▶ [Problem requirements]:
Could you repeat, word for word, every line from the one containing "China Hotel Project" through the final line of the records below, and nothing else?
Material to process START
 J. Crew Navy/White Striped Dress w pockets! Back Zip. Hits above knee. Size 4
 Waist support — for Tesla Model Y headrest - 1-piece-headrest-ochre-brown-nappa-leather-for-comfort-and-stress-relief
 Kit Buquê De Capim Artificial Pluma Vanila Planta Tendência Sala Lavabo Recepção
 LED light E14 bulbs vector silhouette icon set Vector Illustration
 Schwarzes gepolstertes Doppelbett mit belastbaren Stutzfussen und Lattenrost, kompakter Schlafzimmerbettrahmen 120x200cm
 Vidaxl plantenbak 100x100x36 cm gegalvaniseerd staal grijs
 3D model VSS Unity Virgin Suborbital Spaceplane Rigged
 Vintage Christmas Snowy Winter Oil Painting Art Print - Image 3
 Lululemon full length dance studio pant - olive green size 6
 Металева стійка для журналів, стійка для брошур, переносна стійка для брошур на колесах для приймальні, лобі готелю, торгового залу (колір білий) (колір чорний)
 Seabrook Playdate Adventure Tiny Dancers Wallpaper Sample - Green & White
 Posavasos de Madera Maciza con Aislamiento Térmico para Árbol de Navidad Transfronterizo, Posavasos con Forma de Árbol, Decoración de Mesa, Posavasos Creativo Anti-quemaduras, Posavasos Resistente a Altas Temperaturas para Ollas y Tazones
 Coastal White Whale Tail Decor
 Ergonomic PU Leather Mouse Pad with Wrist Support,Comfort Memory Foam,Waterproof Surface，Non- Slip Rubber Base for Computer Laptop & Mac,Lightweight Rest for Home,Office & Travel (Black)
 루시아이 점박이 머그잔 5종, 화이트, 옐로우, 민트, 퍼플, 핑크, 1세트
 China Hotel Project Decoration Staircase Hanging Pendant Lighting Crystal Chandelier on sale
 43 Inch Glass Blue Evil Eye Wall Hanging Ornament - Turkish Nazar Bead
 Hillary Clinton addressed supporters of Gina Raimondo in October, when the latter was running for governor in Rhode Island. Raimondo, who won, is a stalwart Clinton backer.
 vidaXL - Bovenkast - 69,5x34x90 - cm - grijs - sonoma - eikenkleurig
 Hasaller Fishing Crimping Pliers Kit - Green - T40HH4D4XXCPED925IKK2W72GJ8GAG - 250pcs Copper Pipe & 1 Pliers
Material to process END
▶ [Response for this exercise]:
 China Hotel Project Decoration Staircase Hanging Pendant Lighting Crystal Chandelier on sale
 43 Inch Glass Blue Evil Eye Wall Hanging Ornament - Turkish Nazar Bead
 Hillary Clinton addressed supporters of Gina Raimondo in October, when the latter was running for governor in Rhode Island. Raimondo, who won, is a stalwart Clinton backer.
 vidaXL - Bovenkast - 69,5x34x90 - cm - grijs - sonoma - eikenkleurig
 Hasaller Fishing Crimping Pliers Kit - Green - T40HH4D4XXCPED925IKK2W72GJ8GAG - 250pcs Copper Pipe & 1 Pliers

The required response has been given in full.